A Study in Opposites: Thundersnow

As a wet snow falls, I watch the flakes shifting down from a deep-grey sky. Then, to my left, a throaty rumble following a muted flash catches my attention. Lightning and thunder? During the winter season? For most of us, thunder and snow in the same sentence, let alone the same word thundersnow, seems a contradiction, the symbols of summer and winter weather coexisting.

For most North Americans, the combination, known as thundersnow, is a very unusual event. Even where they are most common, thundersnow occurs no more than a few times per year, usually when winter storms with substantial warm and humid air sectors spawn thunderstorms along their fronts, or when air crosses a large lake or rises over a mountain range.

The central American states, mostly those west of the Mississippi River (Missouri, Kansas, Nebraska, Iowa, Colorado, Minnesota, Oklahoma and into northern Texas), define a loose arc in which thundersnows occur a few times each winter. For residents around the Great Lakes, the Great Salt Lake, or in the continent's mountainous terrain, however, thundersnows can be more common, though often many are unreported. Thundersnows have also been reported around the Sea of Japan and the North Sea. Mountaineers scaling Mount Everest, and other high peaks, have reported thundersnows during their ascents as some of their scariest moments.

Observations of thunder/lightning with snowstorms have been found in records and commentaries since the 19th century in the Western world and in China for nearly a millennium. However, only in the past decade have meteorologists delved into the phenomenon of thundersnow, likely due to the uncommonness of the events. In the United States, only 1.3% of cool-season (October-May) thunderstorms reported coincide with snowfall, and only 0.07% of snowstorms have associated thunder. (A five-year study of thundersnows in the central US by University of Missouri meteorologist, Patrick Market, began in 2003.)
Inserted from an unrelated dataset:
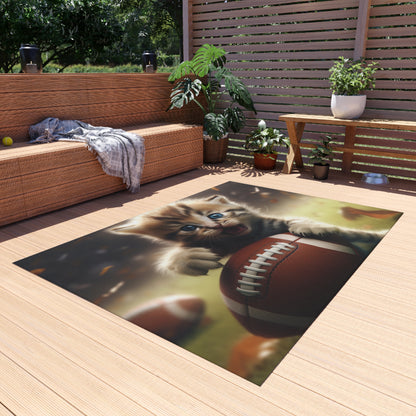 Football Kitten Touchdown: Tabby's Winning Play Sport Game - Outdoor Rug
Reports of thunder/lightning with snow are also hindered by several factors. Thunderstorms dropping snow to the surface generally produce fewer lightning strokes than rain-dropping thunderstorms. The snowflakes absorb and diffuse the light of lightning and sound of thunder more readily than does falling raindrops. (While thunder during rain is generally heard 6.5-8 km (4-5 miles) away, the range for snow-related thunder is no more than 1.6 km (1 mile). The colder weather in which thundersnow occur may also contribute to the relative rarity of the event as fewer observers are out of doors.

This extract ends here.